第24話 ロンバルト商会

 そわそわと落ち着かないエマが待つ応接室に入ってきたのは、意外にもジュードだった。

「わざわざジュードが出向いてきてくれたの?」

「『魔力がなくても使える魔道具を売りたい』と、エマから連絡をもらったのだからね。商人としたら、一番初めに自分の目で確認したいだろう?」

「まぁ、そうね。うん! それだけの価値がある商品だわ」


 魔道具を売る販売ルートの了承を国王から取ったエマが、まず最初に連絡したのはロンバルト商会だ。

 ロンバルト商会は、大陸でも最大手の規模と信用を誇る。ヒューゴの発明した魔道具を売るのに、これ以上の相手はいない。


「まずは自分で体験して欲しい。その瞬間に、伯爵の凄さが分かるから」


 魔道具の売り込みと共に、ヒューゴの功績を称えるエマは気づかない。ジュードの真剣な眼差しは、魔道具より自分に向けられていることに……。
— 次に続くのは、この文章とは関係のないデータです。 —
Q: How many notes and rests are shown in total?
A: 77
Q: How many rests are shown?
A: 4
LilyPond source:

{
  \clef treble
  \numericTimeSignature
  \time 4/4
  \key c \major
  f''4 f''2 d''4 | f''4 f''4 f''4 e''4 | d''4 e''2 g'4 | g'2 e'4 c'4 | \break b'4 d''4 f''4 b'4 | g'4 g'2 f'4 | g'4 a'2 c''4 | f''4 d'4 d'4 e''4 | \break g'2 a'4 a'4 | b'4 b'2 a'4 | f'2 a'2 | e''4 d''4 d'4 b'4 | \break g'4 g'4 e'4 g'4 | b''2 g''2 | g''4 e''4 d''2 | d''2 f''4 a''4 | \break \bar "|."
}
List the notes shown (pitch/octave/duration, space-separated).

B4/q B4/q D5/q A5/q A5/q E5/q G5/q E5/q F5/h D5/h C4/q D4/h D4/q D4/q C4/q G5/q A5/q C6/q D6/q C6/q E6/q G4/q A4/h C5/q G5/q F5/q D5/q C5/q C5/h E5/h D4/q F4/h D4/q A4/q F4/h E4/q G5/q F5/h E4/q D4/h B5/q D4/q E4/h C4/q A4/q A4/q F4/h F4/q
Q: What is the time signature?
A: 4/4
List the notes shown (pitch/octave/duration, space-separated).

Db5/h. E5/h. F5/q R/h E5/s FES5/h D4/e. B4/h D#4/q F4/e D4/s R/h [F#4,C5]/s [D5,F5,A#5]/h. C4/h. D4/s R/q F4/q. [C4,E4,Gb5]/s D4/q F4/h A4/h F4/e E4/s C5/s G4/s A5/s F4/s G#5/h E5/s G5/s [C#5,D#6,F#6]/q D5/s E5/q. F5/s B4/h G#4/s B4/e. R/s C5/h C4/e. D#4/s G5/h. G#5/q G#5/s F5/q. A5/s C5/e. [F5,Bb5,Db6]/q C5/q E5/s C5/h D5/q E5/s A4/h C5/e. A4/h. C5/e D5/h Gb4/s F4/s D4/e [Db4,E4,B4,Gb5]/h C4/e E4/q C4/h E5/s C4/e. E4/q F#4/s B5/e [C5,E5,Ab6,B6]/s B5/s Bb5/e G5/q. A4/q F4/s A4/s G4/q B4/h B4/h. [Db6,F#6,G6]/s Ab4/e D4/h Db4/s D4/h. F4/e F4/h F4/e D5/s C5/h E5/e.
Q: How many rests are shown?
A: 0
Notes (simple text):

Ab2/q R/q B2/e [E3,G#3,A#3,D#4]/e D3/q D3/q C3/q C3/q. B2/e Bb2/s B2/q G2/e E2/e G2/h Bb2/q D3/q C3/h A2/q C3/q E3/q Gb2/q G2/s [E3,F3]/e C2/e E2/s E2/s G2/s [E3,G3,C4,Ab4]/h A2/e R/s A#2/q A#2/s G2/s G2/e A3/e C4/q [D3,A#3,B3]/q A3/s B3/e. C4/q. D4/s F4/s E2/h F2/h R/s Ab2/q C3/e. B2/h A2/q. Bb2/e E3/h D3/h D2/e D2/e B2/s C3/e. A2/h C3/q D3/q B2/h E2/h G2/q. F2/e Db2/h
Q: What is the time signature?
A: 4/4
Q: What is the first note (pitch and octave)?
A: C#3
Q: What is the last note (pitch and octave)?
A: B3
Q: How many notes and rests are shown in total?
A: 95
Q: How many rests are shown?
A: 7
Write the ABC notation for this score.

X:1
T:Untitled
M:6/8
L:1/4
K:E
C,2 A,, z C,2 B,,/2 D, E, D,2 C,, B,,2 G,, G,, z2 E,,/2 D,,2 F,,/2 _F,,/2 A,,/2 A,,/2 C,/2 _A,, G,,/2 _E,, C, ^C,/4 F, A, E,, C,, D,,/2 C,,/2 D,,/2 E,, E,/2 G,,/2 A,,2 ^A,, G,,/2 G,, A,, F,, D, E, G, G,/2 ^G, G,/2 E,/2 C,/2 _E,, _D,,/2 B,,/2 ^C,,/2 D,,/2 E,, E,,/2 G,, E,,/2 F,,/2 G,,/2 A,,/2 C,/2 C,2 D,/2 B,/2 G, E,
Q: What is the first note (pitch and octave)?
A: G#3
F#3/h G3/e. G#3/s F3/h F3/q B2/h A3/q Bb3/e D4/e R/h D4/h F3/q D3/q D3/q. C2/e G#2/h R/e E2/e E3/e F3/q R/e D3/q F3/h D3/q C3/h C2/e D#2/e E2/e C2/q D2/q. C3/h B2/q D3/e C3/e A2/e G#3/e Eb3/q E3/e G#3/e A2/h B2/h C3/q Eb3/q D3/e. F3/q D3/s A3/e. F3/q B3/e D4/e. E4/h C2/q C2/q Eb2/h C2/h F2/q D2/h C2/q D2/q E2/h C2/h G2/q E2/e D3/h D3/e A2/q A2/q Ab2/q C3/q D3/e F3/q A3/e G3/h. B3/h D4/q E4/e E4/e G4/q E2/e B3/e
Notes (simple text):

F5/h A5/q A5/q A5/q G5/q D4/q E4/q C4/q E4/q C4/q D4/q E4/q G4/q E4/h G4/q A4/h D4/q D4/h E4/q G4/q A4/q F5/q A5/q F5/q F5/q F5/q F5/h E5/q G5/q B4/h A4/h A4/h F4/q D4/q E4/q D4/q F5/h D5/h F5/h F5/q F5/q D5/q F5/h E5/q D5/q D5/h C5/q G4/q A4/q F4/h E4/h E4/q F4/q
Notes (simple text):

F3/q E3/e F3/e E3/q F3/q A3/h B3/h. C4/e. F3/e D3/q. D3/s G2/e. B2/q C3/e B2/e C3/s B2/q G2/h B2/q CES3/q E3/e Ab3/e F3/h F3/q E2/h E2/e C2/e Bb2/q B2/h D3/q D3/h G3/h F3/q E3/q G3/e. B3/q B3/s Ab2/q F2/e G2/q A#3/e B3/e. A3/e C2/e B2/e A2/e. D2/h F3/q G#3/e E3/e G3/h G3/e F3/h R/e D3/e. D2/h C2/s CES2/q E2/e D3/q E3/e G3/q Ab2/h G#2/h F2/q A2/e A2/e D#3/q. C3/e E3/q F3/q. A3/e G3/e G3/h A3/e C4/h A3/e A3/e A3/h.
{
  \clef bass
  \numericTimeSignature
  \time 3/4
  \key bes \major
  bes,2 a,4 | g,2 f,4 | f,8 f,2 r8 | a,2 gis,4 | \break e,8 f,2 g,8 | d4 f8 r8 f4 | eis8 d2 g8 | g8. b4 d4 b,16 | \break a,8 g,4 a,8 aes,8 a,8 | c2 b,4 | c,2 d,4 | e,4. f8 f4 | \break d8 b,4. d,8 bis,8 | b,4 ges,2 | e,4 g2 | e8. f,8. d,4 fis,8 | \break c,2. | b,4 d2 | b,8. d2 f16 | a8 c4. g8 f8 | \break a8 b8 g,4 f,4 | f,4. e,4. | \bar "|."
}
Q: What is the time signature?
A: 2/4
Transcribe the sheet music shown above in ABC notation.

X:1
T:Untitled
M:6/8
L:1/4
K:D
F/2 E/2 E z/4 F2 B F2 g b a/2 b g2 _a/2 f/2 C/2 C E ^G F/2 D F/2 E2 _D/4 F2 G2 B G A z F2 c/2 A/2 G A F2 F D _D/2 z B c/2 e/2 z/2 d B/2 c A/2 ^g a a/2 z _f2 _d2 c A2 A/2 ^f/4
 サンプルとして準備された魔道具を試したジュードは、興奮を隠せない。

「この魔道具は、エマが言う通り世界を変えるよ! 一番最初の交渉相手にロンバルト商会を選んでくれたことに感謝する」

「この魔道具が特別なのは分かっていたけど、ひいき目になっている不安もあったの。厳しい商売人であるジュードにそう言ってもらえると自信になる」

 愛おしそうに魔道具に触れ、嬉しそうに微笑むエマを前に、ジュードの興奮も冷める。


「えっ? どうしたの? 何か気になる点がある?」

「魔道具には何もないよ、完璧だ。ただ……」

「ただ?」

「仕事ではビジネスライクに割り切るエマに、公私混同させる骸骨魔道具師のことを羨ましいと思っただけ」

「あら? もう骸骨じゃないのよ!」

 そうやってムキになるエマも、ジュードは初めて見る。


 突然アースコット国に連れ去れたエマは、ずっと辛い思いをしているのだとジュードは思っていた。

 魔力が全ての国で、その権化のような家に嫁がされたエマをすぐにでも救い出すつもりだった。

 だが、アースコット国を食い物にする悪徳商人の取り締まりに思いの外時間を取られ、思うように時間が作れなかった。他の者に任せようと思ったが、エマを侮辱した商人を自分の手で地獄に落とさないと怒りも収まらない。

 そうこうしている内に、魔道具を売り出したいという手紙がエマから届いた。


 エマのことだから自力でアースコット国を飛び出してくるだろう、そう高をくくって安心していた自分をジュードは呪った。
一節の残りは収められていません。